Collected data START

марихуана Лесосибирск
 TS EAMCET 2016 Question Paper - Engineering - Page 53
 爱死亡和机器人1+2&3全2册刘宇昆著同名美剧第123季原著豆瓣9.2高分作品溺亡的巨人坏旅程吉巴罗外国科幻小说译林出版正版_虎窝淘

Collected data END

Taking the listing above, write all of it out exactly.

марихуана Лесосибирск
 TS EAMCET 2016 Question Paper - Engineering - Page 53
 爱死亡和机器人1+2&3全2册刘宇昆著同名美剧第123季原著豆瓣9.2高分作品溺亡的巨人坏旅程吉巴罗外国科幻小说译林出版正版_虎窝淘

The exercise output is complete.